Il est parti avec sa fourgonnette à Poix-du-Nord, près de Valenciennes, sur les terres de Boussac Saint-Frères. Bernard Arnault avait promis de garder la plus grande partie des emplois du groupe textile. La promesse a fait long feu. Arnault voulait surtout acquérir Dior et "valoriser" la marque. C'est sur ce rachat et le dépeçage que l'entrepreneur a amorcé sa fortune. Une ouvrière, aussi âgée que pétillante, montre ce qui reste de l'usine Ecce : rien, des bâtiments déserts. Pourtant c'est toujours là que Bernard, dans un reportage télévisé, affirme que sont fabriqués ses costumes Kenzo. Un autre reportage télévisé apprend qu'il n'en est rien : l'usine a bien été délocalisée en Pologne.
Une autre ouvrière, ex-déléguée CGT, explique qu'elle est devenue ambulancière. Elle accepte de prendre une action LVMH pour perturber la prochaine assemblée générale. Des ex-vendeurs à la Samaritaine en font autant. François Ruffin, avec un inspecteur des impôts belge tente vainement d'entrer dans la filiale financière, tête de groupe, installée à Bruxelles.
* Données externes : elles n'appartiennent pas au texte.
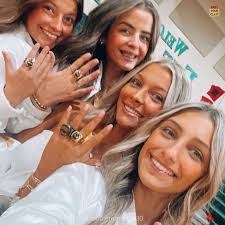 Hiii! I'm Lauren and I'm 100% attending USM! I'm from Gulfport Ms and want  to be an orthodontist in the future! I love concerts, tanning, friends,  sleeping, cheer, shopping, and trying new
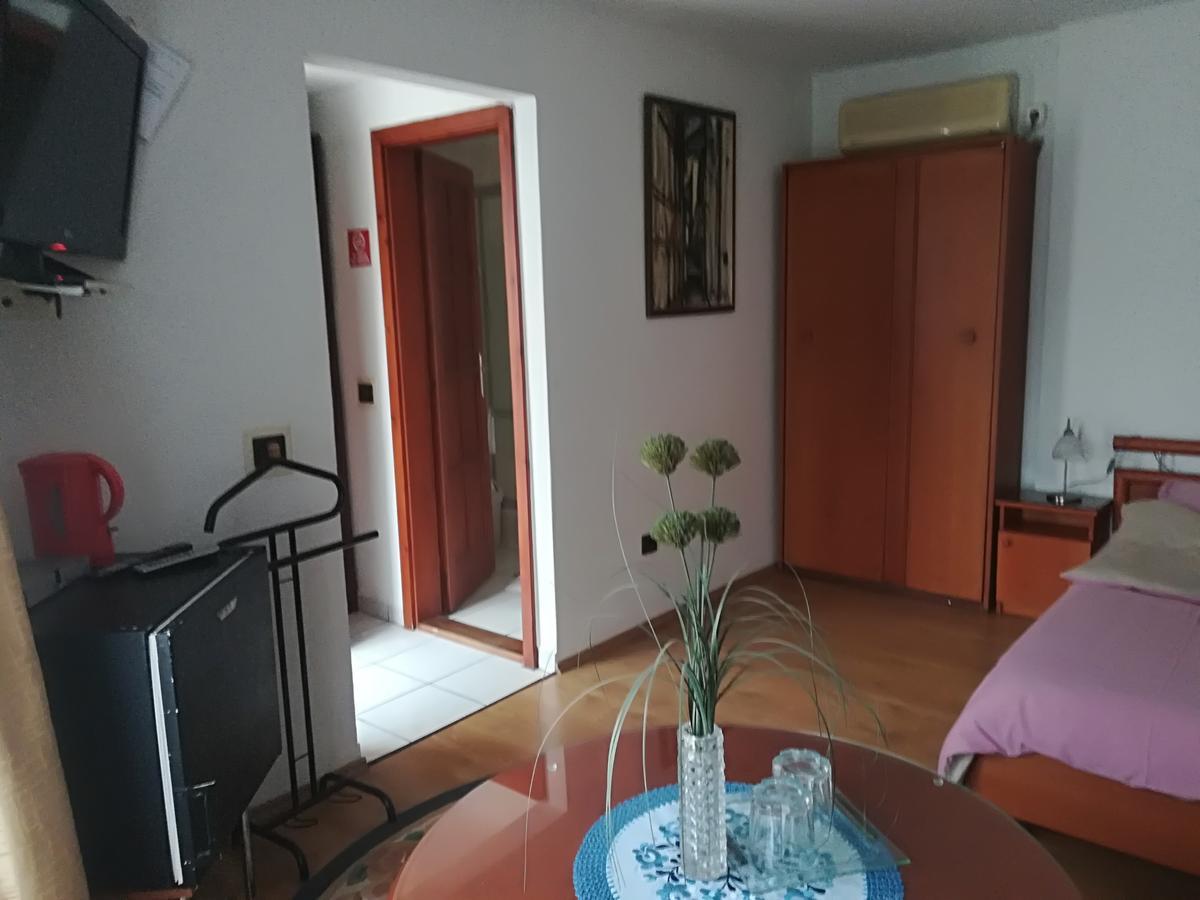Bed and Breakfast Ria Panzio à Esztergom Extérieur photo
Bien décidé à toucher le cœur de son PDG, Bernard Arnault, Ruffin se rend à l'assemblée générale mais il est expulsé manu militari.
C'est alors que l'ambulancière fait rencontrer les Klur domiciliés à Forest-en-Cambrésis, à Ruffin. Serge et Jocelyne Klur ont été licenciés par Bernard Arnault il y a une dizaine d'années. Ils n'ont pas réussi à retrouver du travail, malgré leurs nombreuses démarches dans tous les domaines. Ils vivent avec deux RSA, 800 euros par mois, ce qui, une fois les factures payées, leur laisse 4 euros par jour. Mais ils tiennent. Comment ? " Ben on ne mange pas, on ne chauffe pas, on met 5 ou 10 euros d'essence dans la voiture pour aller chercher du travail", explique Serge avec un grand sourire.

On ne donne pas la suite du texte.